I’ve known Jed Williams for years and I can tell you this without hesitation. In any given week, Jed talks to more media sales teams, sales managers, and chief revenue officers than almost anyone in our industry. As Chief Innovation Officer at the Local Media Association, his job is to help traditional media companies discover and develop new, sustainable business models. Which means he sees what is actually working, and what is falling apart, inside real sales organizations every day.
That made him an obvious early guest on the Conquer Local Podcast. What he shared about proving performance, the death of the product peddler, and CNA 2.0 is still some of the most relevant advice in the show archive.
89 Phone Calls A Month And Why It Changes Everything
Jed shared a number that reframes every conversation sellers have with local businesses. The Dallas Morning News asked several auto dealer partners how many phone calls they receive in a month about advertising and marketing. The answer was 89. Not 40, not 50. Eighty nine calls a month asking for their attention.
If you are a traditional media rep walking in with a handshake and a capabilities deck, you are one of 89 voices that week. Jed’s take was blunt:
“If you can’t actually solve specific problems for them, in the long term you’re gonna lose because you’re going up against organizations that understand products and solutions that can do that.”
CNA 1.0 vs CNA 2.0
The customer needs analysis has to evolve. The old CNA is showing up with a form and asking a business 30 minutes of questions that every other rep is asking too. No business owner has that kind of time to give 89 people.
CNA 2.0 flips the script. You arrive with data and insights about the business, you help further their thinking in the first touch, and you earn the right to ask deeper questions later.

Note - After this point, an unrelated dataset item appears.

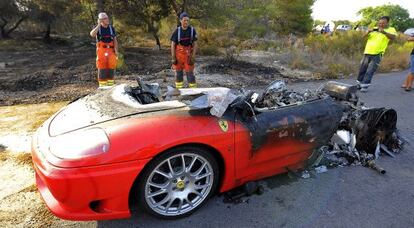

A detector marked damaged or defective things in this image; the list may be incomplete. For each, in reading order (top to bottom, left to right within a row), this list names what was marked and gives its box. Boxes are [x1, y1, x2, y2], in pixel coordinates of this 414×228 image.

burned ferrari [30, 79, 402, 220]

That shift requires three things:
- Pre-call research built on real data, not just a website glance
- A point of view on what the business should be considering next
- Permission to come back with a plan rooted in what they actually need
Proof Of Performance Is The Competitive Moat
Jed and I lined up on when proof of performance should enter the conversation. It starts early, not at the month three reporting meeting. You set the expectations in the first solution discussion. Here is how the reporting works, here is when you will see the first results, here is how we are going to calibrate together.
If you skip that step, the client draws their own conclusions. That is a fast track to churn, especially on products like SEO where results unfold over weeks, not days.
Then you have to actually show up. Not with a dashboard link or a PDF emailed at 5pm. Jed is emphatic on this:
“You are constantly coming back and delivering results, but you’re not just showing ’em a dashboard. You are doing real analysis, putting it in context, creating prescription on what’s happening next.”
That is the exact muscle I try to build in every sales organization I work with. For more on how to operationalize it, read my piece on leveraging your online reputation to increase sales.
The Four Week Rule
One of Jed’s best stories came from a mid-size radio group that launched its own digital agency. They measured client retention against touchpoint frequency. Four weeks or less, retention held strong. Go to six weeks and churn started climbing. Go to eight and the bucket leaked badly.
I’ll admit something here. Twenty some years ago, the month I started hitting budget as a rookie was the month I started seeing my customers more than once every eight weeks. The math has not changed. Cadence drives retention.
A monthly cadence also surfaces every cross sell and upsell opportunity you could ask for. The reps who skip the monthly meeting miss both the renewal and the expansion.
Who Owns The Customer After The Sale
Jed made a critical point that often gets blurred. Bringing in digital specialists is not a substitute for training your legacy reps in digital. Too often the digital specialist becomes a crutch. The rep says “I’ll bring Brent along” and never actually learns the platform.
What Jed was really pushing on is the post-sale role. Who owns the reporting? Who pulls data from the social, SEM, and website teams into one story? Who hands that story back to the AE with enough context that they can walk into the client with confidence?
If that role does not exist, your sales process has a hole in it. Fill it. I get into this in more detail in what makes a great sales team.
Where To Go From Here
If you sell for a local media company, start with one question. What does your CNA 2.0 look like, and can every rep deliver it? If you can’t answer that, you are competing on handshake equity while 88 other reps are competing on data. Then lock in a four week cadence with your top accounts, and build a real post-sale reporting role that takes the burden off the AE. That is the path from product peddler to trusted local expert.